Never extrapolate from the personal to the general.

If, for example, you see a child peeing in a public park, it doesn’t follow that all other children “like that” – now there’s a minefield – do it too. Where we are now – Conservative Party in power though Conservative Party in pieces, he says/she says/ I think (s)he means, The Blond hoping for a second go, not only rising costs for everything you can think of but no point of reference, strikes and social disarray (on the railways, among nurses, midwives, teachers and others) – is most unsettling because there are few facts and a great deal of opinion.
And of course if you are convinced of one of the candidates, you attribute The Truth to him or her. Not sure about that. But then I am not sure about any of the candidates.
Last night I watched a programme about the beginning of the BBC.

I love compilation programmes, intelligent often unexpected bits of film and talking heads, faces put on names.
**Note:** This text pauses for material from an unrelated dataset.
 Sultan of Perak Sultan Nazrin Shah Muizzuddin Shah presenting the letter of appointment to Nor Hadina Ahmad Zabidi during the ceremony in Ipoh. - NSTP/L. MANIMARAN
Better than the endless run of – all the other things I don’t want to watch. And re the BBC programme, three things stayed with me.
One is that at the beginning, broadcasting was being invented and they made it up as they went along with a bias towards radio. (Pause for cheer !) Secondly so emergent not to say homemade was it, that the assassination of John Kennedy (1963) was handled as badly as could be, special relationship notwithstanding, and thirdly, the BBC censored itself

– not in a “that’s not a good idea” kind of way but seriously, through liaison between the senior suits and the government, formal undertakings which remained in the bottom drawer unless needs must, when they could be invoked as binding.
We have ceased to talk about the man in the street, probably because that’s just one sex and we admit to several, and probably because the old image was tied to newspapers and we are at the mercy of something more volatile and less reliable enacted by current technology. If I sound dubious, it is because I find the BBC (setting aside honourable exceptions) horribly reduced in impact, Al Jazeera and Sky seriously often better, though I prefer written media because of my personality and age. I don’t think it’s any more reliable but the format gives me time to think. And this week an email I used was hacked

and I, who took a risk, got ripped off.
Generalisations are just that – broad sweeping statements on which arguments may be built like shakey houses, only to fall down

on the heads and feet of people who never understood or believed in them anyway. The handsome 40-ish consultant on the prestige cosmetic counter in my nearest big store told me that she and her husband had done everything they could to provide for themselves and their old age, taken advice, invested and were now facing a mortgage increase from £1,000 to £1,600. I could make a piece out of that but it would be unreliable because she is just one person and they are just one couple. Though it is not till you hear it from somebody directly, that you realise just how destructive the last few weeks have been.
The spectacular Christmas department in a famous West End store is hundreds deep in Christmas tree decorations, streamers, lamps, toys and pretties – and has been for a couple of months. But the prices are shocking. And yesterday in a small specialist store I admired a jewelled tree about 4 inches high. Was it £65 pretty ?
I worked for years on one to one. It is an old teaching trick – if I can establish dialogue with one, and it’s interesting, all sorts of others will listen and pay attention. I am very wary of generalisations, they can be so easily manipulated. “We all” is a phrase that makes me see flashing crimson. “Them” we say meaning “not us.” The cruelty of where we are is that, whether we believe in it or not, this has been done to us, wantonly, in the name of “we know best.” Like hell they do.